Before we can even begin, we have to understand all the [[http://www.gnu.org/software/hello/manual/gettext/Locale-Environment-Variables.html|locale environment variables]]. This is fundamental, and extremely under-documented in the places where people actually look for documentation (man pages, etc.). Some of these variables may not apply to your system, because there seem to be various competing standards and extensions....

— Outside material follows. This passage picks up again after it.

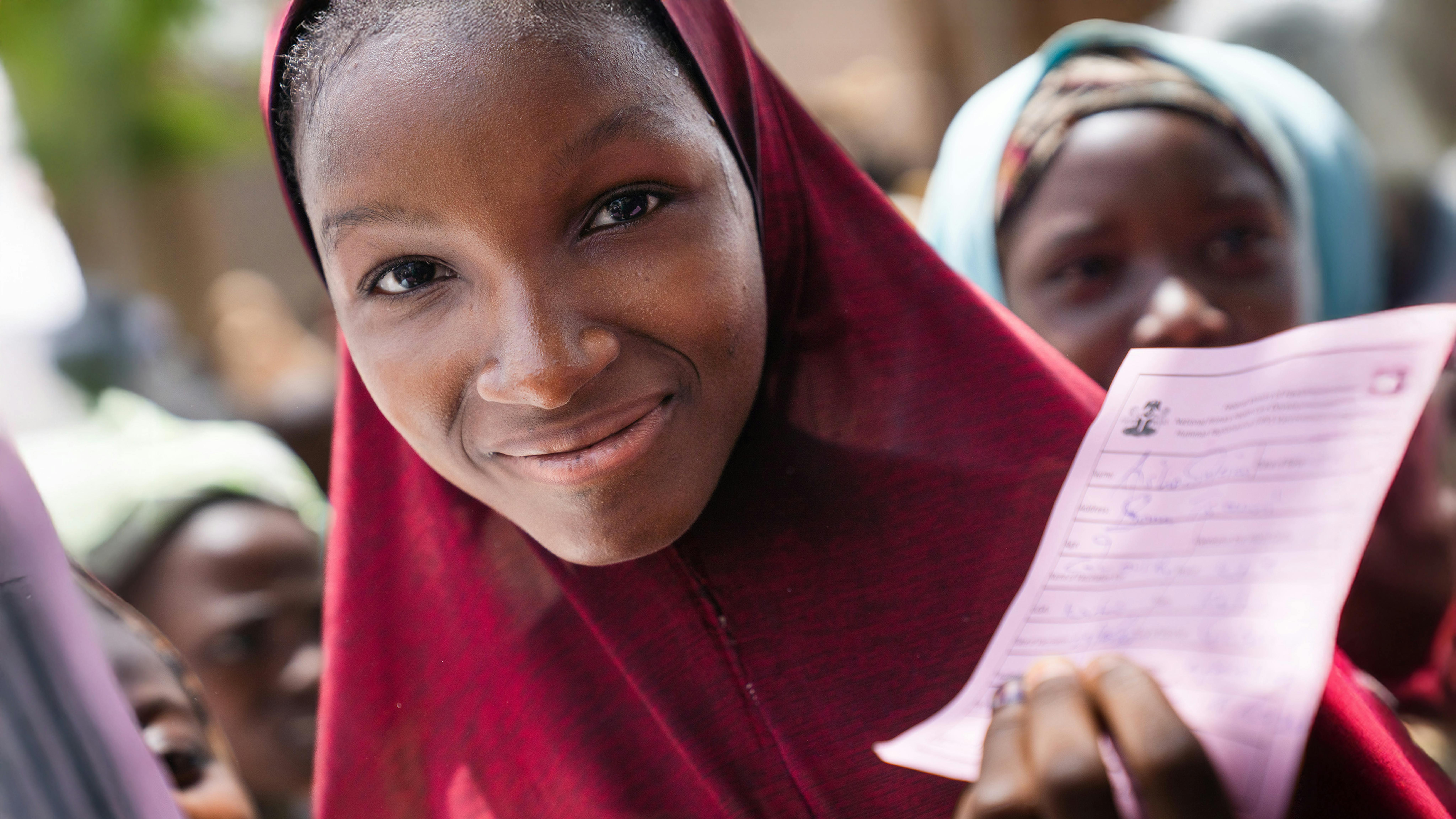 Le ragazze mostrano le loro tessere di vaccinazione dopo essere state vaccinate contro il papillomavirus umano (HPV), in una clinica mobile a Katsina, in Nigeria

On recent GNU systems, the variables are used in this order:

 1. If LANG is C or POSIX, this overrides everything.
 1. Otherwise, if LANGUAGE is set, use that.
 1. Otherwise, if LC_ALL is set, use that.
 1. Otherwise, use LANG.

That means, you first have to check your current environment to see which of these, if any, are already set. If they are set, and you don't know about them, they may interfere with your testing, leaving you befuddled.

{{{
$ env | egrep 'LC|LANG'
LANG=en_US.UTF-8
LANGUAGE=en_US:en_GB:en
}}}

Here's an example from a Debian system. In this case, the `LANGUAGE` variable is set, which means any testing we do that involves changing `LANG` or `LC_ALL` is likely to fail, unless we also change `LANGUAGE`. Now here's another example from another Debian system:

{{{
$ env | egrep 'LC|LANG'
LANG=en_US.utf8
}}}

In that case, setting `LANG` or `LC_ALL` would actually work. A user using that system, then writing a document on how to perform localization testing, might create instructions that would fail to work for the user on the first system....

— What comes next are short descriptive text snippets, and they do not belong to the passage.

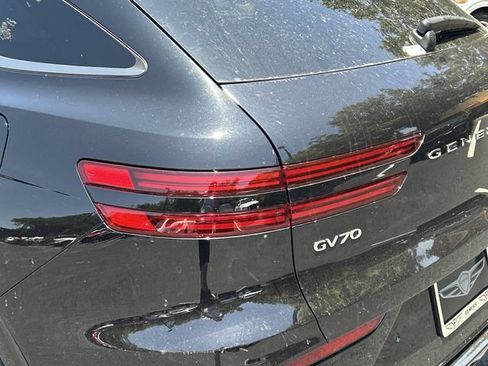 Used 2026 Genesis GV70 3.5T Sport Prestige AWD/4WD image 15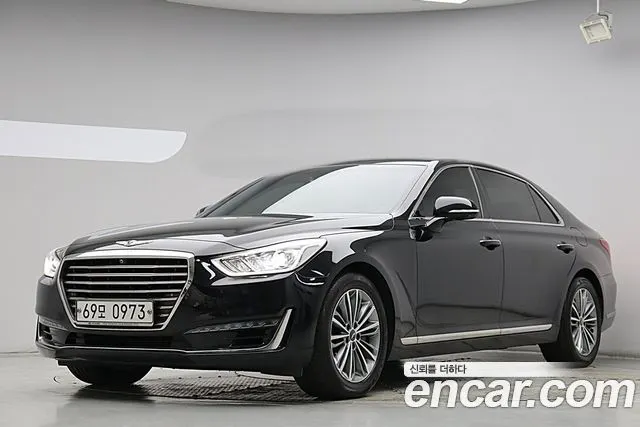 GENESIS EQ900 2016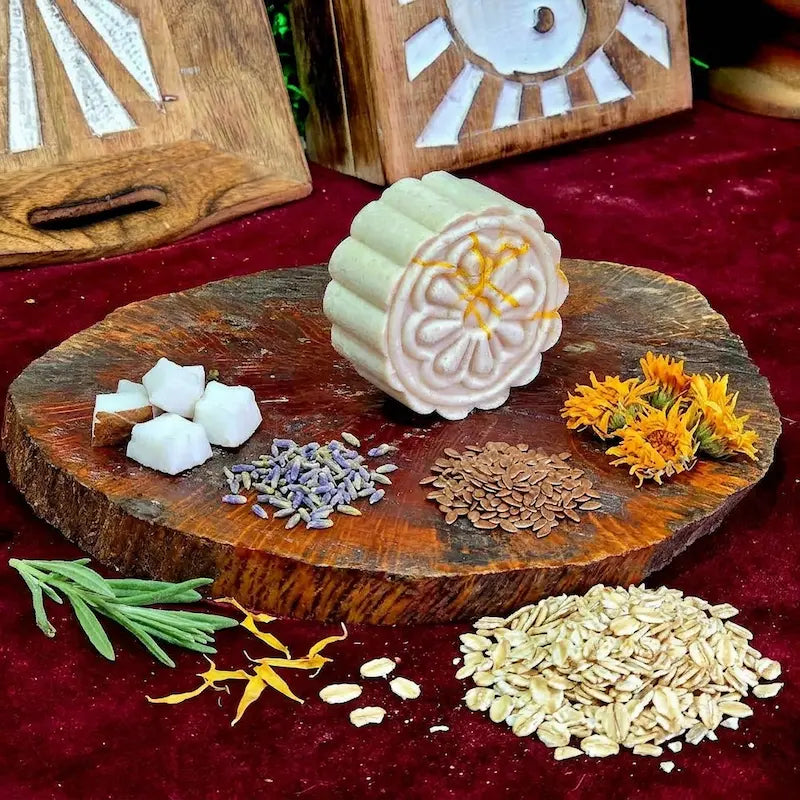 Champu Solido Natural Cabello Rizado Avena Proteinas de seda Lavanda Lino hecho a mano arcania artesania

So, go ahead and play around with your own system and see what works and what doesn't. You may not have a `LANGUAGE` variable at all (especially if you are not on GNU/Linux), so setting it may do nothing for you. You may have to "generate locales" on your operating system (a process which is beyond the scope of this page, but which on Debian consists of running `dpkg-reconfigure locales` and answering questions) in order to make them work.

Try to get to the point where you can produce error messages in at least two languages:
{{{
$ wc -q
wc: invalid option -- 'q'
Try `wc --help' for more information.
$ LANGUAGE=es_ES wc -q
wc: opción inválida -- q
Pruebe `wc --help' para más información.
}}}

Once you can do that reliably, you can begin the actual work of producing a bash script with localisation.

=== Marking strings as translatable ===

This is the simplest part, at least to understand. Any string in `$"..."` is translated using the system's native language support (NLS) facilities. Find all the constant strings in your program that you want to translate, and mark them accordingly. Don't mark strings that contain variables or other substitutions. For example,

{{{#!nl numbers=off
#!/bin/bash
echo $"Hello, world"
}}}

(As you can see, we're starting with ''very'' simple material here.)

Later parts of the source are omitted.